Entries in the Category "metadata"

Dublin Core Metadata Initiative (DCMI) Conference

20 October 2010
Dublin Core Metadata Initiative (DCMI)conference
Notes

Tutorial 1: history, key concepts, evolving context
Jane Greenberg, UNC

Dc:terms (slides 30-33).
Imt internet media type
Classes – nouns
Properties – verbs
Property expresses a relationship

Tutorial 2: DCAM, syntax, and semantics
Jon Phipps

Xml and rdf are different data models, not different encoding
RDF schema and non-literal
RDF not record-oriented format
RDF is a framework
XML as document vs. data model. Roots are in document model.
RDF is strictly a data model

Ontology: collection of meanings
RDF has URI. RDF collects information about you; exists in terms of context it is used, not context in which it is created
Xml creator predefines the context.
Rdf statements stand alone; has to assume certain things
e.g. drivers license number implies human being (rdf), vs. you are a driver, therefore you must have a driver license number (xml)
URI – name of a property thing. Human-readable URI abstract. Opaque URIs

Ontology: provides a representation of knowledge. "these are the things I know" conveys knowledge, not syntax (which RDF does).
URI has to be an identifier in RDF, not necessarily a location.
RDF no notion of container. Just an aggregation. No limit; can go to infinity.

Tutorial 3
Karen Coyle

http://www.kcoyle.net/
Web of data
Library has dark web
Semantic web. Formal rules for machines.
Triples:
subject – predicate – object.
E.g. Melville – wrote – moby dick
http – creator – Melville

semantic web allows you to make queries.
You can retrieve data rather than documents
Get back answers, not bib record
Query language is SPARQL
http://dbpedia.org/About

problem currently is that data is in records/silos
rather than create a database to link records together, there is a way to avoid this
to hold records together, have the thing it refers to have an identifier
i.e. create a box that contains a center. Coherence of info is not lost. Data is represented in different ways.
Open records slide: data is opened up (cf tinker toys) with edges that are able to connect to other things. You can take connecting points and have it be the focus.
Web of data.

Freebase
http://www.freebase.com/
metaweb. See youtube video on this -- http://www.youtube.com/watch?v=tBSdYi4EY3s
freebase uses triples
Google just purchased freebase.
If data is in this format, libraries can do this, too.

internet archive
does not entirely use triples

open library: http://openlibrary.org/
semantic web: http://semanticweb.org/wiki/Main_Page

we have to learn to create data, not text. Emphasize the data in metadata
e.g. anything date related, to put into timeline
e.g. geographical data can be put onto a map

Data has to be web-friendly. Therefore…
Define data elements. Use RDF, or OWL.
Controlled vocabularies. SKOS. (simple knowledge organization systems)
*** http://id.loc.gov – definitely explore this
identifier can have displays in any language (an advantage over using language)
w3c validator for triples

URI's are good. You can see who is the responsible party. You should be able to click on it to get more info

Tutorial 4
Ron Daniel

http://www.linkedin.com/pub/ron-daniel/7/1a2/47b
many use 15 dc elements, with some local additions
why create metadata? 1st, search results still poor. 40 percent report not being satisfied with search results. (Jane Greenberg, eContent Magazine, 2010)
don't try to sell the semantic web. Have a plan that is incremental, and gradually builds to the semantic web.

Problems:
Content that is not Deduped
Content that is poorly prioritized
Unavailable content
GIGO
Poor curation

Search engine optimization. To get content to appear first. Most companies don't do this.

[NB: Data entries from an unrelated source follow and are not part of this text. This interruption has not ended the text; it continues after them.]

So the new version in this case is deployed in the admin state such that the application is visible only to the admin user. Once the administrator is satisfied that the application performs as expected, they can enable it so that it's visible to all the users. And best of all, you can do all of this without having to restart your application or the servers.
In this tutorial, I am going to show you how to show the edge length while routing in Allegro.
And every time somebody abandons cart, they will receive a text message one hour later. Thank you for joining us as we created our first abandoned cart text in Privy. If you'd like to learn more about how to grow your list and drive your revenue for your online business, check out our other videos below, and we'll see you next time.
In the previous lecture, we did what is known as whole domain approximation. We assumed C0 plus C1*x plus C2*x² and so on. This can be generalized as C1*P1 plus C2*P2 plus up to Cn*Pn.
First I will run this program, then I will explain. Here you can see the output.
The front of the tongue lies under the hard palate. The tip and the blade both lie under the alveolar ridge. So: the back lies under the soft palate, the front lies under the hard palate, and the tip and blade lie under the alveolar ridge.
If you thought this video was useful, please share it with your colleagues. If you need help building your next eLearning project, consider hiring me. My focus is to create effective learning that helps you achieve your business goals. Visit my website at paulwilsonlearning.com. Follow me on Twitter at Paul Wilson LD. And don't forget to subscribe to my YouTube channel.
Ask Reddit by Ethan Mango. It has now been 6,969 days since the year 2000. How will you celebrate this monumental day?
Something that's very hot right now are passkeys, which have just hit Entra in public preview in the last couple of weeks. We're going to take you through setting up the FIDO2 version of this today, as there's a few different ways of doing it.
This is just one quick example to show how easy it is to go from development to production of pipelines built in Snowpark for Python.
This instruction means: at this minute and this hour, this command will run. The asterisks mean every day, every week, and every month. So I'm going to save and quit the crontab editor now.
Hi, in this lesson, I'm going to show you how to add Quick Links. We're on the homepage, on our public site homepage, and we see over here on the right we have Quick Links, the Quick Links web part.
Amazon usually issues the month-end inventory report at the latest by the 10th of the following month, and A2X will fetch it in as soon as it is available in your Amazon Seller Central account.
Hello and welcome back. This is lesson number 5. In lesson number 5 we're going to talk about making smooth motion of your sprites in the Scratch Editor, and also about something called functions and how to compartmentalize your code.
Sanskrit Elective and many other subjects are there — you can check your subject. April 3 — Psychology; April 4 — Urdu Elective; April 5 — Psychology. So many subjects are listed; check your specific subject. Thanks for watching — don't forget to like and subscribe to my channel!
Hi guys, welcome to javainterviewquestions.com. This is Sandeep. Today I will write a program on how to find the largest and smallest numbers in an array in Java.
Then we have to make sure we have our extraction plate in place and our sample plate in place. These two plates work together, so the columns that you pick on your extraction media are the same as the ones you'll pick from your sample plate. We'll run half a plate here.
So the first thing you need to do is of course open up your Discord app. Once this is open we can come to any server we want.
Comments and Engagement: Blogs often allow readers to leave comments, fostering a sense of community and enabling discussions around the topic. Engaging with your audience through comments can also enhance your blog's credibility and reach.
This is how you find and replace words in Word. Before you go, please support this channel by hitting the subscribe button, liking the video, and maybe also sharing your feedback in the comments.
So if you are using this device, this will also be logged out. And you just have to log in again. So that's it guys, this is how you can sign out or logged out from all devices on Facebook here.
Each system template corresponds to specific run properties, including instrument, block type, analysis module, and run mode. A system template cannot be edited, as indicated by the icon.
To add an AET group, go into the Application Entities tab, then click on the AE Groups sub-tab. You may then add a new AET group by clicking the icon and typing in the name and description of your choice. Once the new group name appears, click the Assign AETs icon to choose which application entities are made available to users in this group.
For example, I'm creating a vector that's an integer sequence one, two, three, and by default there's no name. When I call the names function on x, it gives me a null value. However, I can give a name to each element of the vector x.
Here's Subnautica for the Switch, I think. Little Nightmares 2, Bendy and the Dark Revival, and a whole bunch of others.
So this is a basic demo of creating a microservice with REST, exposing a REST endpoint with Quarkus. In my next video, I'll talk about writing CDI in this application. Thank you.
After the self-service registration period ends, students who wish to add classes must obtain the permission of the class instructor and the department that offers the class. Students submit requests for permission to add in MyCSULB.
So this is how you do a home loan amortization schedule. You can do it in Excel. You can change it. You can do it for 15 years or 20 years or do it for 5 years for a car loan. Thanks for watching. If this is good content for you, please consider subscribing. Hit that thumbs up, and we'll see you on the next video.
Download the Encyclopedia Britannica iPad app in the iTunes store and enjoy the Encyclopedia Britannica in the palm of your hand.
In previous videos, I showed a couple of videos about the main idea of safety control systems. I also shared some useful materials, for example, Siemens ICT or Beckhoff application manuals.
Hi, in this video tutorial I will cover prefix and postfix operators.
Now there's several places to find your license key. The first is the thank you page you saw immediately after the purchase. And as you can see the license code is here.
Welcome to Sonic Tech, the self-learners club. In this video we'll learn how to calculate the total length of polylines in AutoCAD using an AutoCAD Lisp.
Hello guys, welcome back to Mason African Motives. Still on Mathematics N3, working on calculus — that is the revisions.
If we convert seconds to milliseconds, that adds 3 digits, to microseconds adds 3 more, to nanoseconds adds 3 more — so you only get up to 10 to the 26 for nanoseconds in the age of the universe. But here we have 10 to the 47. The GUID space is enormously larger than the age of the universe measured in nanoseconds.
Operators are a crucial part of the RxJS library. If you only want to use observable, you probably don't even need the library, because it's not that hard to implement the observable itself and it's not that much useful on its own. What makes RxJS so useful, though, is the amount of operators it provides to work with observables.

Add to the core local elements:
Group that published the item, data to review an item, etc. Use DC refinements, such as access rights, audience, etc.

Cross-collection functionality.

Facets. Shift from text values in the various fields to a faceted taxonomy with managed list of values. Where current state mostly is.
Faceted taxonomies are basis for classes and instances in an ontology. Can make facets pay for themselves.
Facets are separate authority files with no relationship between them.

Faceted taxonomies. (Bush's law of facets)
Take existing list, use it.
Look at existing vocabularies, see repeated structures. No particular requirement for the order of the hierarchy.

Vocabularies are vital for the linked data world. Facets help organizations deal with vocabulary selection and maintenance
Vocabulary tools embody terms vs. concepts. SKOS is based on concepts. SKOS-XL added to deal with 'terms'. SKOS-XL follows the RDF model.
Unfortunately, term-based approach appears necessary when dealing with large problems.

RDF and Web Identifiers
RDF gives framework.
People don't want to see URLs or RDF. They want to see: author, title, artist, photographer, artist.
(URI vs URL. Difference isn't that big a deal.)
To fit with RDF, terms in standard vocabularies need URIs
If you are creating vocabularies, define a URI scheme for them. W3C 2-level URI scheme is a best practice for documents. Allow for version identification.
If you are using other people's schemes, you can define interim URLs.

Linked data principles
Use URIs to identify things (including field names and taxonomy term record IDs)
Use http URIs so that these things are looked up.

Results in more accurate mappings between different internal data items due to additional context available. Also, add value to proprietary data by linking to common concepts (people, places, …), and better access to information.
Having defined URIs in the RDF and web identifiers phase, start mapping to equivalent concepts in Linked Data hubs
Mapping to a public hub does not expose your data

Entity recognition.
Fact extraction. Builds on results of entity extraction, and uses patterns of connections between entities.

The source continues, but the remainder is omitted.